As they entered the three-story, salmon-colored palace, the Sandinistas started shooting. Six guards and two civilians were killed, and 15 other people, including one commando, were wounded. Within moments, the guerrilla raiders were in command of the National Palace. Inside were more than 1,500 people--probably the largest number of hostages ever held captive in a terrorist operation.

On the second floor of the building, a meeting of the Chamber of Deputies was under way. The session, dealing with taxes, was being covered by 24 reporters. "Suddenly we heard shooting coming from outside," Journalist Luis Manuel Martinez recalled later. Martinez, a Cuban exile and a well-known antiCommunist, regularly covers the legislature for Novedades, the official newspaper of the Somoza regime. "A few minutes later, a man dressed in a uniform walked into the middle of the room carrying a submachine gun. Without warning, he fired into the ceiling and shouted: 'Everyone on the floor!' We all dived down. We could see there were eight other armed men and one woman who had come in after him and taken up positions."

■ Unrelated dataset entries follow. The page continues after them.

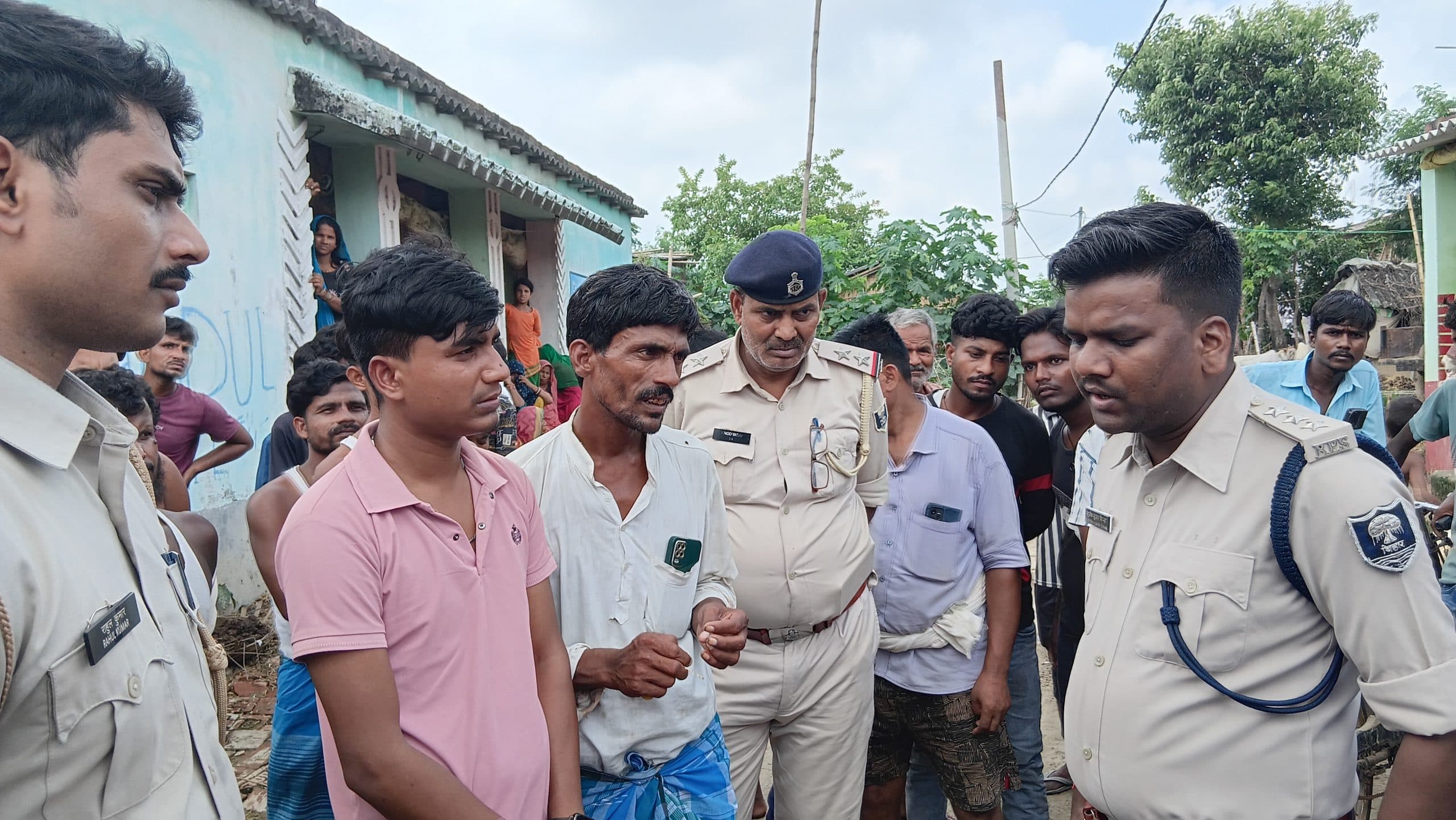 Madhubani News : कमला नदी पूर्वी तटबंध पर बदमाशों ने अधेड़ को मारी गोली, इलाज के दौरान मौत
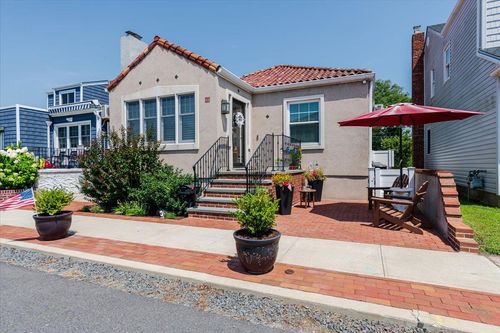 18 Curley St, Long Beach, NY, 11561-2706 | Card Image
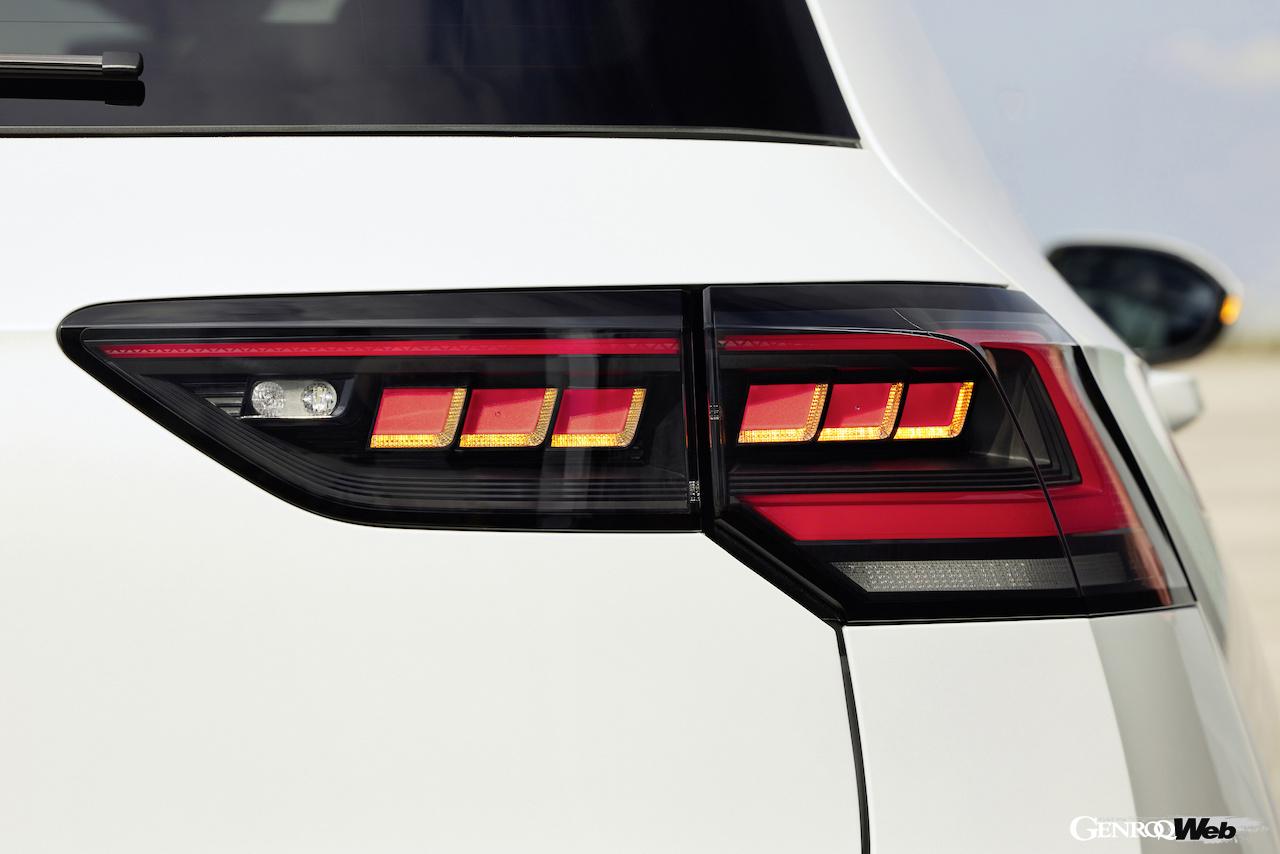 フェイスリフトが実施された、「フォルクスワーゲン ゴルフ eHybrid」のエクステリア。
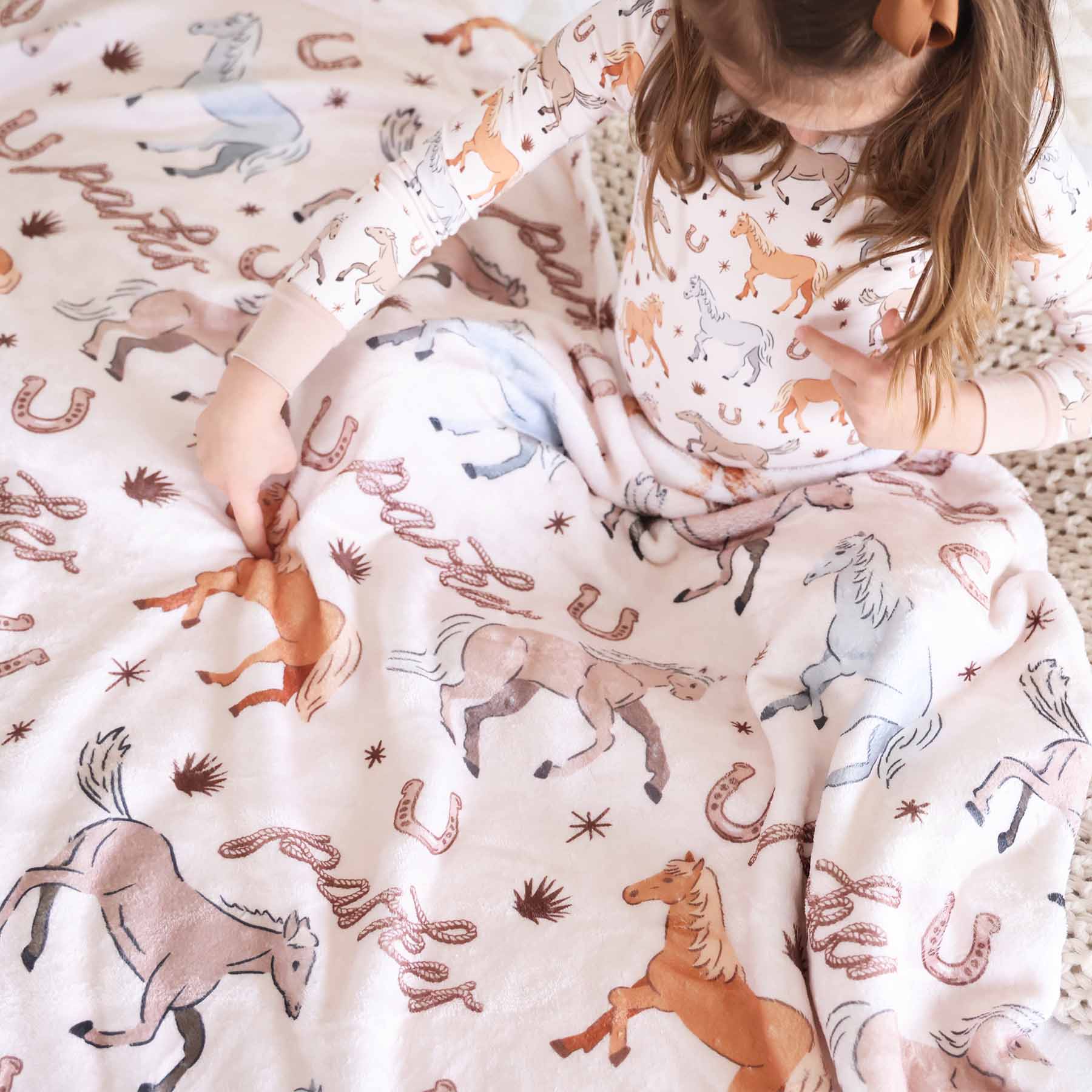 P's Ponies Personalized Kids Blanket - Image 5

The 49 Deputies remained on the floor for 20 minutes while the guerrillas took their names, tied them up, and began photographing them with a Polaroid camera. When the woman commando asked Martinez his name, she shouted: "Cero! Cero! Martinez is here!" Cero,* later identified by authorities as a "militant" named Eden Pastora, 42, turned to Martinez and said: "If the Somoza forces attack, you will be the first shot."

Elsewhere in the building, other commandos rounded up government employees and officials. Among those caught: Interior Minister Jose Antonio Mora, his chief assistant, and several relatives of Somoza, including Luis Pallais, publisher of Novedades. Somoza had never bothered to occupy the presidential offices, preferring more secure quarters in his bunker on the grounds of the nearby National Guard training center. The Roman Catholic Archbishop of Managua, Miguel Obando y Bravo, and the bishops of Leon and Granada, who earlier in the month had demanded Somoza's resignation, immediately offered their services as mediators. So did the ambassadors of Costa Rica and Panama. They quickly reported back with the guerrillas' demands: 1) the release of 59 political prisoners; 2) $10 million; 3) repeated broadcasts over government radio of an almost two-hour-long Sandinista communique; and 4) Venezuelan, Mexican or Panamanian planes to escort them from the country.

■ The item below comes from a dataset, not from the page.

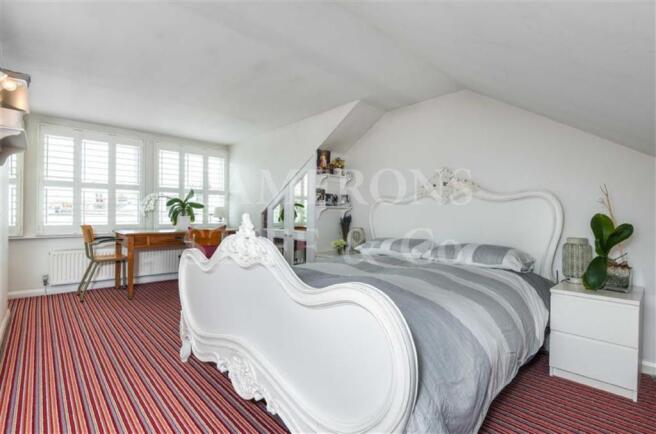 Photo 9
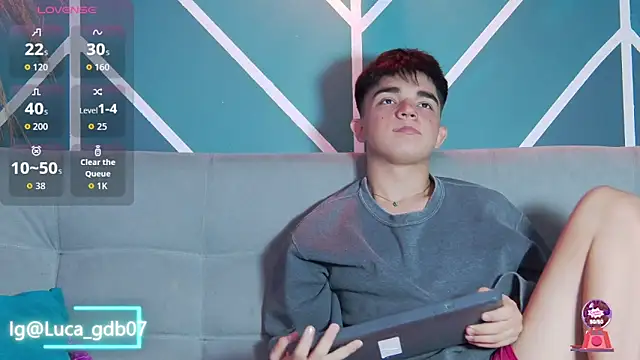 Snapshot of LucaDelart chatting on October 22, 12:49 pm LucaDelart online show from October 22, 12:49 pm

Somoza decided early on to negotiate. He had little alternative: the Sandinistas not only were controlling events, but more important, were reflecting a widespread public mood. As the discussions dragged on through the night and into the next day, conditions in the overcrowded, ill-equipped palace became intolerable. Hostages who could not wait to use any of the four toilets in the palace found relief in wastebaskets behind the speaker's lectern in the Chamber of Deputies. During the first night, 300 people escaped by pushing out an air conditioner and climbing out a window. The guerrillas later released all children and most of the women. That still left more hostages than even the guerrillas seemed to have bargained for.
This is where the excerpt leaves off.